Il n’y a pas que des expositions d’artistes disparus ces temps-ci à Paris ! Le Musée d’art moderne de Paris a misé sur la vivacité de créateurs vivants en associant à l’artiste américain George Condo (1957) la Nigériane Otobong Nkanga, née en 1974 et qui vit aujourd’hui à Anvers. Les deux artistes ont d’ailleurs en commun d’avoir Paris au cœur, l’une pour avoir été formée en partie dans son École des Beaux-Arts, l’autre pour y avoir vécu entre 1985 et 1995.

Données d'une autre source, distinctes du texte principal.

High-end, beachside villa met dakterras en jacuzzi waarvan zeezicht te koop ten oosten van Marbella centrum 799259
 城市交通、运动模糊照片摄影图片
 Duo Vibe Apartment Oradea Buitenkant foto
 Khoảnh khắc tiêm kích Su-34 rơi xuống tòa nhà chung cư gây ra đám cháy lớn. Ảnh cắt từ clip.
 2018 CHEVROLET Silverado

Dernier survivant des trois « enfants terribles » de l’art américain des années quatre-vingt, avec Jean-Michel Basquiat (1960-1988) et Keith Haring (1958-1990) dont il fut proche, George Condo voit le Musée d’art moderne lui consacrer une rétrospective thématique après celles de ses amis décédés, Basquiat en 2010 et Haring en 2013. L’artiste a largement participé au choix des thèmes (*), des œuvres (110 dessins, 80 peintures et 20 sculptures) et des accrochages. L’exposition se présente comme une suite de cycles et de thématiques qui montre de façon convaincante quatre décennies d’une démarche artistique de grandes ampleur et diversité en trois étapes principales : son rapport à l’histoire de l’art, son traitement de la figure humaine et son lien à l’abstraction.
Ce qui frappe d’emblée, après le vestibule de l’exposition où les repères biographiques de Condo voisinent avec Poème d’amour (Green), une œuvre de jeunesse (1985) « surréalisante », c’est sa façon d’avoir digéré une grande partie de l’art occidental, des maîtres anciens à Picasso en passant par Rembrandt, Goya, Picabia et même Dali jusqu’à l’utilisation de l’art du collage et du graffiti tel que pratiqué par les écrivains de la Beat Generation ou ses amis Basquiat et Haring, pour en faire sa propre symphonie.
Edith Devaney, la co-commissaire de l’exposition avec Jean-Baptiste Delorme, voit Condo dans le catalogue (Éditions Paris Musées, 272 pages, 45€) comme « un artiste en prise avec la culture de son temps qui réinventait sa relation avec l’ensemble de l’art européen sans craindre de présenter ces deux perspectives extrêmement différentes au sein d’une même composition. »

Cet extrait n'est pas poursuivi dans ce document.